Voilà quelques petites rengaines qui reviennent inlassablement quand on exerce le métier de psychologue et qu’en plus, on est parent.
« Toi qui es psy, ton enfant ne fait jamais de colères j’imagine ! »
« Quoi ? Tu fais une dépression du post-partum ? Mais t’es psy ! »
« Oui enfin toi, en tant que psy, tu sais gérer tes émotions ! »
Il y a ce mythe tenace, selon lequel nous occuper de la santé mentale des autres nous protégerait de toute souffrance psychique personnelle, voire de toute difficulté dans nos relations aux autres et notamment à nos enfants.

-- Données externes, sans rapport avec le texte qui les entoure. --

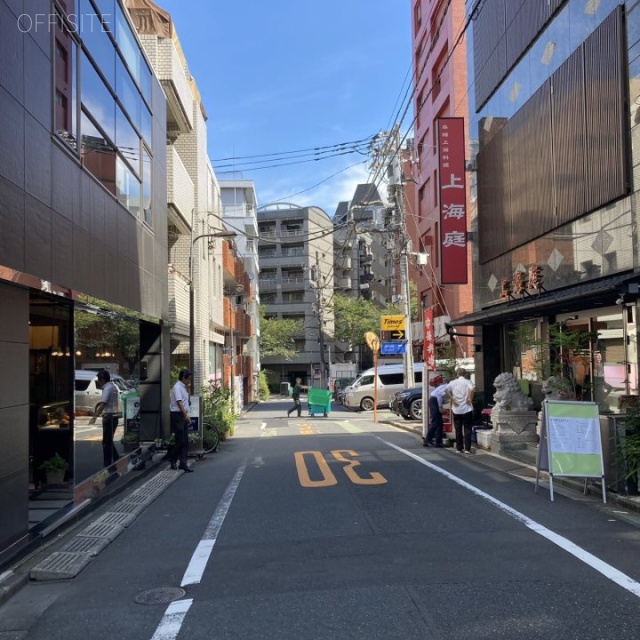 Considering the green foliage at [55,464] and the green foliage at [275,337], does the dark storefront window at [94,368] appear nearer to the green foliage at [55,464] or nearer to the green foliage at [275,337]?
the green foliage at [55,464]

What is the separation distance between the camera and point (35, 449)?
8.38 metres

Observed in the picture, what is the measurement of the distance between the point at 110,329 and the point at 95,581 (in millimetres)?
5828

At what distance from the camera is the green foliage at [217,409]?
1512 cm

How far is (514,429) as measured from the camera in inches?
462

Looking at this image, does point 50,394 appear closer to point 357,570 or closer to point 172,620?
point 172,620

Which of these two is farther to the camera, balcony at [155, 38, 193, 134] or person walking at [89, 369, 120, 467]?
balcony at [155, 38, 193, 134]

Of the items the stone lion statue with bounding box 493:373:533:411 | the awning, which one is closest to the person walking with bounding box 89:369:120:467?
the stone lion statue with bounding box 493:373:533:411

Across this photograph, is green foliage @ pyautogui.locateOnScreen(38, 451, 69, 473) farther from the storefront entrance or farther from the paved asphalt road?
the paved asphalt road

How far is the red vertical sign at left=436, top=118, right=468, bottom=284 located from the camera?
16203mm

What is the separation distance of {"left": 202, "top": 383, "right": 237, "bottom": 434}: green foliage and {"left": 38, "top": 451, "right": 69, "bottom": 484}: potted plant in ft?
19.7

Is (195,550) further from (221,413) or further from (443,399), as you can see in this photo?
(221,413)

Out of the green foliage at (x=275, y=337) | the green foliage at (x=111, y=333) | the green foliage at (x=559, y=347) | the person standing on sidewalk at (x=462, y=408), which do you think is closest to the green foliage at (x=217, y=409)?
the green foliage at (x=111, y=333)

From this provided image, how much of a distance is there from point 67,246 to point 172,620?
491 cm

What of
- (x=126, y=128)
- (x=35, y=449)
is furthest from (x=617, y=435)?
(x=126, y=128) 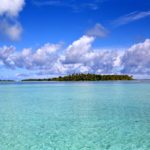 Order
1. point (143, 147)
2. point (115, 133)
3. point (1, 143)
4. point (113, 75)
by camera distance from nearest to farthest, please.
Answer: point (143, 147), point (1, 143), point (115, 133), point (113, 75)

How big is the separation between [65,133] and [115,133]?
240 cm

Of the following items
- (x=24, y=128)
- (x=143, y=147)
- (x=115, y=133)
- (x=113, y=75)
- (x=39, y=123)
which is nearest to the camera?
(x=143, y=147)

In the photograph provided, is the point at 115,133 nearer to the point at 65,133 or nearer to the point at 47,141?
the point at 65,133

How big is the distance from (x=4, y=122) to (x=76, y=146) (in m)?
6.85

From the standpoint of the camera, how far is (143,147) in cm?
1136

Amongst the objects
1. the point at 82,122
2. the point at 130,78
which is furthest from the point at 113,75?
the point at 82,122

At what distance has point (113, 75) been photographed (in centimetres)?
18138

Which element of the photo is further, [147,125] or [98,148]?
[147,125]

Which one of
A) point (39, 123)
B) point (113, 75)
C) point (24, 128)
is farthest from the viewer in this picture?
point (113, 75)

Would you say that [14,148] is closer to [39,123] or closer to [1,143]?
[1,143]

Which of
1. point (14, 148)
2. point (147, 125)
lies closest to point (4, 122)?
point (14, 148)

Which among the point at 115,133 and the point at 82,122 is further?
the point at 82,122

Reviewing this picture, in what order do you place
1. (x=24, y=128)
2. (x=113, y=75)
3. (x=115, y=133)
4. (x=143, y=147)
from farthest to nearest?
1. (x=113, y=75)
2. (x=24, y=128)
3. (x=115, y=133)
4. (x=143, y=147)

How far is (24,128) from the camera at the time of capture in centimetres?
1526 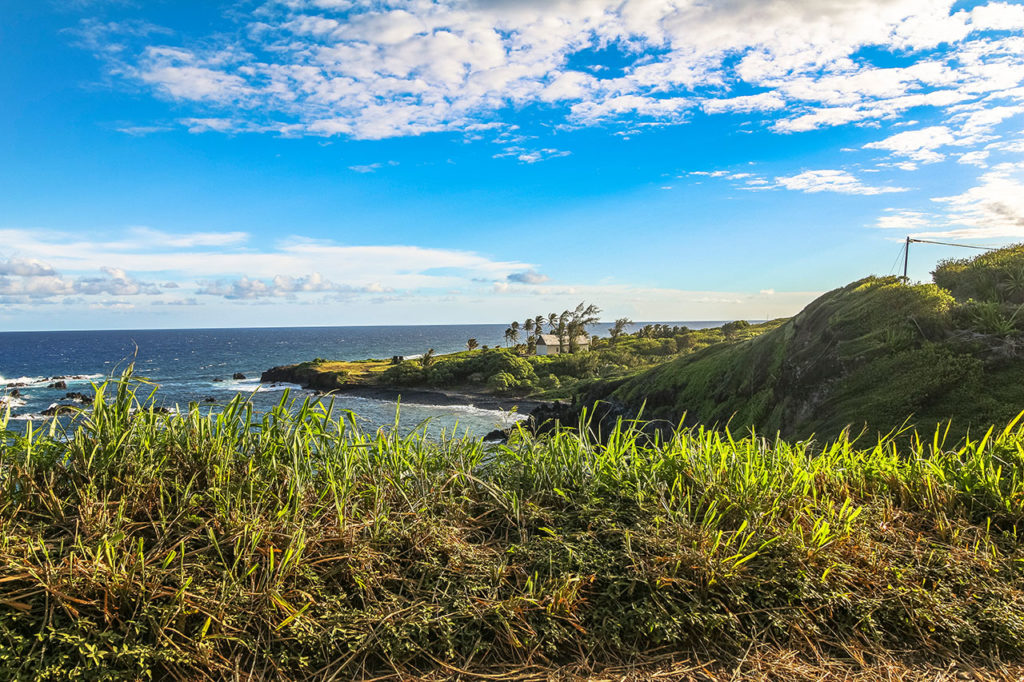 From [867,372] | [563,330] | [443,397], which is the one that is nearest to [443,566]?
[867,372]

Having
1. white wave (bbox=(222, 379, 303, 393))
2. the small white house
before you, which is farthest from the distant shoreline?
the small white house

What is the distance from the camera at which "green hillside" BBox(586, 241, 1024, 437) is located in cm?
928

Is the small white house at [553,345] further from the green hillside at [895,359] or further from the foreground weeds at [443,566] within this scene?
the foreground weeds at [443,566]

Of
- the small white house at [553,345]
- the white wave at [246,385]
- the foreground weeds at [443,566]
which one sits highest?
the foreground weeds at [443,566]

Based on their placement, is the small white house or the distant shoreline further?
the small white house

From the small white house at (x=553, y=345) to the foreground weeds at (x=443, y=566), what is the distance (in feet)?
243

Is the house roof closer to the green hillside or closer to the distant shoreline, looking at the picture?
the distant shoreline

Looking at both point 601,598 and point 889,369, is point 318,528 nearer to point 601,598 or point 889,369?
point 601,598

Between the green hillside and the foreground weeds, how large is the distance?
5658 millimetres

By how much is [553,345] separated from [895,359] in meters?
70.7

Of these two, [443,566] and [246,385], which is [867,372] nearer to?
[443,566]

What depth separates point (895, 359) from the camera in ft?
36.2

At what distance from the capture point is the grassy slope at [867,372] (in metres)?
9.23

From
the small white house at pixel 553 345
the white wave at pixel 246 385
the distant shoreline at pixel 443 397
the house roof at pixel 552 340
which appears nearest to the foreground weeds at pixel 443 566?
the distant shoreline at pixel 443 397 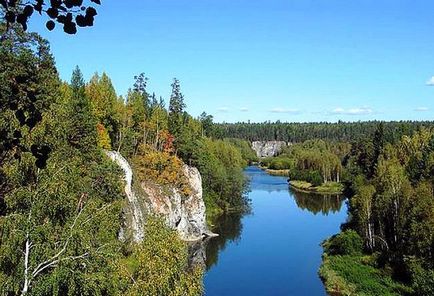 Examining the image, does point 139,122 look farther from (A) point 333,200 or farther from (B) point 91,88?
(A) point 333,200

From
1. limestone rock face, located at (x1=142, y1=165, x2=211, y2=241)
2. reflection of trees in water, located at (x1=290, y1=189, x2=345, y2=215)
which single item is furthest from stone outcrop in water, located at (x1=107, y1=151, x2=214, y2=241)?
reflection of trees in water, located at (x1=290, y1=189, x2=345, y2=215)

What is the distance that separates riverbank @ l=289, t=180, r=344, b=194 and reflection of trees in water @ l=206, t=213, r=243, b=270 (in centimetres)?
2977

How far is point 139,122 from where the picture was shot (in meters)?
56.7

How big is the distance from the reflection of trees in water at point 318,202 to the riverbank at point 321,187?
143 inches

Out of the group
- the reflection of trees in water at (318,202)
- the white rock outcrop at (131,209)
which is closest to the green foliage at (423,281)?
the white rock outcrop at (131,209)

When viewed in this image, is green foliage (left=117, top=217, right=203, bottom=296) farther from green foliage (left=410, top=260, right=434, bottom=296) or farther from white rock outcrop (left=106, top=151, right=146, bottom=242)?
white rock outcrop (left=106, top=151, right=146, bottom=242)

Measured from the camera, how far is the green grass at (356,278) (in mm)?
31031

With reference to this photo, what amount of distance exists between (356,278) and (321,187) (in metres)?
57.2

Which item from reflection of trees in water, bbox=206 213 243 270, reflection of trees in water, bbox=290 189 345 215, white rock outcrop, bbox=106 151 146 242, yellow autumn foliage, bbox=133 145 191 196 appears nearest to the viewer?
white rock outcrop, bbox=106 151 146 242

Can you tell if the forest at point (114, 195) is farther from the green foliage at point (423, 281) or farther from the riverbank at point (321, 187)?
the riverbank at point (321, 187)

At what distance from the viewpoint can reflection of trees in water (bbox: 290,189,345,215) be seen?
68.6 m

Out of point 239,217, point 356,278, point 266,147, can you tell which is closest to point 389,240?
point 356,278

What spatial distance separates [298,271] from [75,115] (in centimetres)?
2007

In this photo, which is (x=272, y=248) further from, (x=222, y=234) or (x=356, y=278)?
(x=356, y=278) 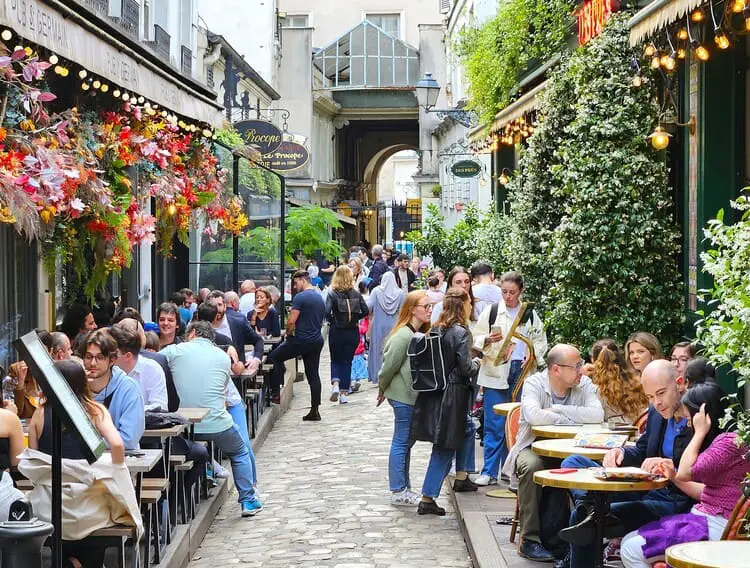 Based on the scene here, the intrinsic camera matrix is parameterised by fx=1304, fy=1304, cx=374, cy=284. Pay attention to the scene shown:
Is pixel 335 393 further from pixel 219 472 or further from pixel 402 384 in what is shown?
pixel 402 384

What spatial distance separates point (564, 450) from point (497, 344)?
366cm

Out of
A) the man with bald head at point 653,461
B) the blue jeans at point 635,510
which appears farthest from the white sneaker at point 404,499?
the man with bald head at point 653,461

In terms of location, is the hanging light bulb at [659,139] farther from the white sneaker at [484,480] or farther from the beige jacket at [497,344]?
the white sneaker at [484,480]

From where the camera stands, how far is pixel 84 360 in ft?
26.0

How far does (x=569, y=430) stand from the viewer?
8.88 meters

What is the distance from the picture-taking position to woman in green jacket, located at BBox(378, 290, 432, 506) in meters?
10.9

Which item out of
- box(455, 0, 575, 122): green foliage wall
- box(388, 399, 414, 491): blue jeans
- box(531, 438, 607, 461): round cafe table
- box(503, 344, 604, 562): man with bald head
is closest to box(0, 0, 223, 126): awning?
box(388, 399, 414, 491): blue jeans

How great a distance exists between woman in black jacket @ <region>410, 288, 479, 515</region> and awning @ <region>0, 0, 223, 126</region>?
3092 mm

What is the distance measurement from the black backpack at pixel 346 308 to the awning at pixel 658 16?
7786mm

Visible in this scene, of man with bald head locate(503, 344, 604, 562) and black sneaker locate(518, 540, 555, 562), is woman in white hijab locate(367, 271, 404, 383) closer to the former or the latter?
man with bald head locate(503, 344, 604, 562)

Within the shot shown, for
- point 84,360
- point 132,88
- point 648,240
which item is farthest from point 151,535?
point 648,240

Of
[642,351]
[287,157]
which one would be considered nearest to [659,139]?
[642,351]

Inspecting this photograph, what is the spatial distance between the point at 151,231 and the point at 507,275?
3.30 meters

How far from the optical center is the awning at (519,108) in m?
16.0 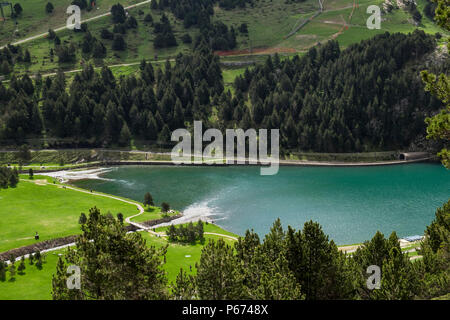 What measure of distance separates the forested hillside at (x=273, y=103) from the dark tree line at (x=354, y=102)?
A: 365 millimetres

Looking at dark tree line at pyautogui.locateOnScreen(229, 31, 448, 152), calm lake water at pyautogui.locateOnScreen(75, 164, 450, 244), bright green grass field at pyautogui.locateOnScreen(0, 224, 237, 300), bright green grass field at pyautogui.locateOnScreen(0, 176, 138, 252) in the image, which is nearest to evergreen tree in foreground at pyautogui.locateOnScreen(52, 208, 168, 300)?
bright green grass field at pyautogui.locateOnScreen(0, 224, 237, 300)

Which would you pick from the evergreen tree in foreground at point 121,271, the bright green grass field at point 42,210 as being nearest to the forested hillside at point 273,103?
the bright green grass field at point 42,210

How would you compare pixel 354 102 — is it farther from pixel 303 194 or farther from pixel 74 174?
pixel 74 174

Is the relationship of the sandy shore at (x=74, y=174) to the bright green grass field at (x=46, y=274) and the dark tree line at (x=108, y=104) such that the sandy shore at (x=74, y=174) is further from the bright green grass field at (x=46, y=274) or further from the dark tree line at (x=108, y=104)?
the bright green grass field at (x=46, y=274)

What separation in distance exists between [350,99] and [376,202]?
6855 centimetres

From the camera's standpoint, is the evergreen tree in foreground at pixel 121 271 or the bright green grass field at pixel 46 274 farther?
the bright green grass field at pixel 46 274

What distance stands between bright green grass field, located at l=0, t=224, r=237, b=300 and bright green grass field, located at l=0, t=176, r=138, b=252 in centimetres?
1157

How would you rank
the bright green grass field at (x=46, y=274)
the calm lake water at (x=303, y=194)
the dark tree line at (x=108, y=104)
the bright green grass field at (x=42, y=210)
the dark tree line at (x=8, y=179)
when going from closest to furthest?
the bright green grass field at (x=46, y=274), the bright green grass field at (x=42, y=210), the calm lake water at (x=303, y=194), the dark tree line at (x=8, y=179), the dark tree line at (x=108, y=104)

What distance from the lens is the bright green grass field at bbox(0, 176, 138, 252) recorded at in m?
72.5

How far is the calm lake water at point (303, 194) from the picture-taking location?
86812 millimetres

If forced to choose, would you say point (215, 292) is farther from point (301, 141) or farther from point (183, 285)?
point (301, 141)

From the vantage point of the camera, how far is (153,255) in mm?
31094

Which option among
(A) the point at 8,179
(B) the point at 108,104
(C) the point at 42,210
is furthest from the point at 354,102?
(A) the point at 8,179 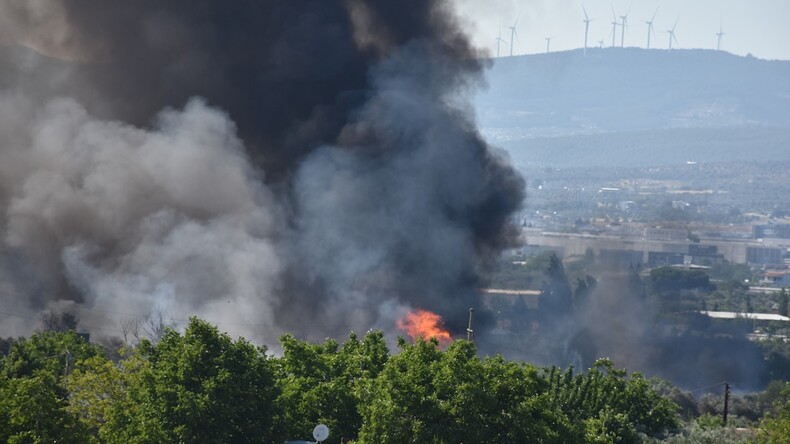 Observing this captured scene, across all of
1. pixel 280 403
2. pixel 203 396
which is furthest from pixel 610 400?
pixel 203 396

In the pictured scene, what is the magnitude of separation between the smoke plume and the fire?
1.08 metres

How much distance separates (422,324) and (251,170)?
15442 mm

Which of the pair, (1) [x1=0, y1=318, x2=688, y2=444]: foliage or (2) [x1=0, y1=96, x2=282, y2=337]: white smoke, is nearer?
(1) [x1=0, y1=318, x2=688, y2=444]: foliage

Or, il est temps de décortiquer ce mythe et de dire la vérité : les psychologues peuvent souffrir de dépression, les psychologues se disputent avec leurs enfants, et les psychologues sont légitimes dans ces difficultés !
Un psy en dépression ! Mais comment est-ce possible ?
Avant toute chose, il faut avoir conscience que la dépression est une pathologie émanant d’une convergence de multiples facteurs. Ces facteurs sont :
- internes : comme l’histoire personnelle du psychologue, son estime de lui-même, ses croyances envers lui-même, ses traumatismes, ses deuils, ses styles de comportements…
- biologiques : la survenue d’une dépression engendre des perturbations dans la régulation de certaines substances chimiques dans le cerveau (les neuromédiateurs)
- externes : par exemple la surcharge de travail, le style de société dans laquelle il vit, une séparation avec un(e)conjoint(e), des difficultés financières, un lieu de vie dégradé, le tempérament inné de l’enfant ou ses éventuels troubles…
Bref, ces facteurs sont très nombreux et bien souvent, le psychologue n’a pas le contrôle sur ceux-ci, comme tout être humain.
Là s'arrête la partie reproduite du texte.